‘Admission’ Is Worth the Price

‘Admission’ Is Worth the Price March 22, 2013

Review of Admission, Directed by Paul Weitz

College admissions: the final test of the helicopter parent. While it was no Deerfield or Andover, my college prep school career began with a meeting about college preparation the first month of freshman year and ended with a wall of paper stars announcing mine and my classmates’ acceptances to elite universities, mostly on the East Coast. My parents were helpful but mercifully not overbearing compared to many of my peers’. While some parents called teachers incessantly and had weekly meetings with college counselors, my parents gave their helpful advice and let me work out my applications with fear and a good bit of trembling.

It is with these fond memories I attended the new college- and parent-centric comedy, Admission. Tina Fey stars as Portia Nathan, an admissions counselor at Princeton University who relishes telling her eager applicants that there is no secret formula for getting into the elite school which, unfortunately, had just fallen from number one to number two in the US News and World Report rankings. She has worked in the admissions office for sixteen years since her own graduation from Dartmouth. She has also spent ten of those years living in comfortable complacency with the chair of the English Department, Mark, played by Michael Sheen—rrecalling what a long-term relationship between 30 Rock’s Liz Lemon and Michael Sheen’s character, Wesley Snipes, would have looked like. Portia gets an unexpected call from John Pressman (Paul Rudd), headmaster of the New Quest School, who encourages her to visit his unorthodox, un-Princeton-like campus to talk to his students. Portia’s drive to drum up more applications (and boost Princeton’s falling ranking) sends her to the rural school not far from her mother’s house. The students are indeed unorthodox: they question the whole “corporate system” of college applications—quite the contrast to the montage of eager uniformed boarding school students we were treated to earlier. But one student, Jeremiah Balakian, gives her a chance. And John, who we learn was in Portia’s class at Dartmouth, later reveals that he thinks Jeremiah is her son that she gave up after getting pregnant in college.

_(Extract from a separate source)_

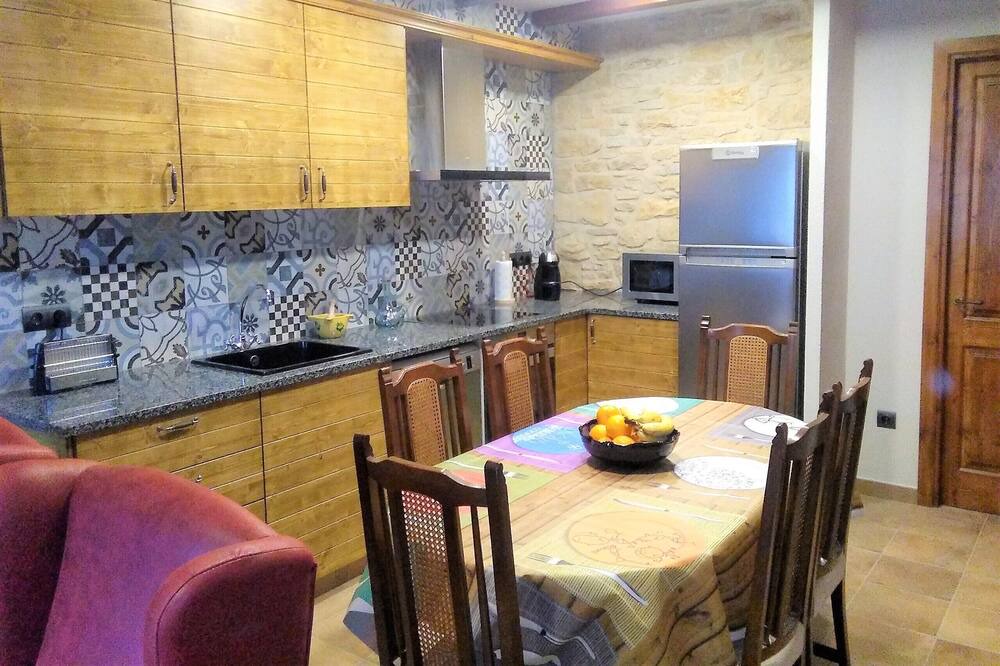 Photo of Kitchen in Palau-Sator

Admission was surprisingly heavy for a movie billed as a rom-com. While it was indeed quite funny and clever, the driving theme was parenthood and what makes for a meaningful life. The movie opens with a voiceover from Portia about millennial parents’ eager posturing to get their organically fed children into Princeton. What follows are several parent-child relationships thrown into relief. Portia’s mother, played by the delightful Lily Tomlin, was a second wave feminist who authored a book entitled The Masculine Myth. She relishes subverting the “mother-daughter” dynamic she scolds Portia for trying to maintain, demanding she call her “Suzanna” instead of Mom. We learn Portia’s father is an anonymous man Suzanna was intimate with on a train, without bothering to learn his name. As a result of her mother’s slavery to her ideology, Portia describes her upbringing as “raised by wolf, singular.”

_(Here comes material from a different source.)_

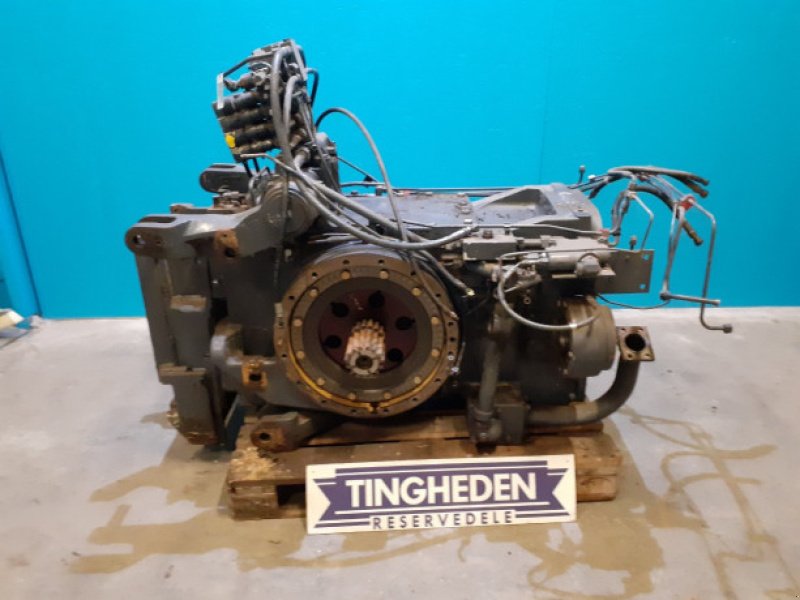 Hecklader des Typs New Holland 8770, Gebrauchtmaschine in Hemmet (Bild 1)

John Pressman, the head of New Quest School, provides another study in parenting. John had adopted a son, Nelson, while working with the poor in Uganda. Portia teasingly and somewhat incredulously describes him as “a single dad traveling the world doing good.” His parenthood is tested by John’s desire to run away from his own blue-blazered upbringing by traveling the world—something Nelson, a sixth grader, has grown tired of, instead preferring Portia’s “normal boring adult” life of stability.

And, of course, the plot revolves around the effect on Portia’s character of the revelation that Jeremiah might be her son. Jeremiah is a strange kid, adopted by parents who did not go to college and who run a minimart. He almost failed out of high school, but had stellar test scores and wanted “nothing more in life than to be an autodidact,” leading John to call him a “prodigy.” Portia immediately falls for him upon learning he may be her son. She encourages him to apply to Princeton and somewhat illegally gives him (and John—her budding romantic partner after her relationship with Mark goes sour amidst a barrage of “loyal companion” dog metaphors and the entrance of a seductive Virginia Woolf scholar) advice on the admissions process. She sacrifices almost everything for Jeremiah, even forgetting the standard protocol for calling Princeton hopefuls “applicants” instead of “children” as her rival in the office points out. In a climax of the film, Portia explains that Jeremiah “was a lost kid, and then he was found.”

The parenting theme makes the movie much deeper than the posters may suggest. I was expecting to walk out of the film recommending it simply because I find Tina Fey delightful, but was surprised to find a real message about love and sacrifice at its heart. As even the unredeemed parent knows, love is sacrifice. The parents in the movie all learn this in their own way. They give up their dreams or admit their failings for the sake of their children. “Greater love has no one than this, that a man lay down his life for his friends.” (John 15:13) Admission is not just about the strings parents may pull to attempt to coerce their children into the Ivy League school of their dreams, but about the real choices parenthood involves.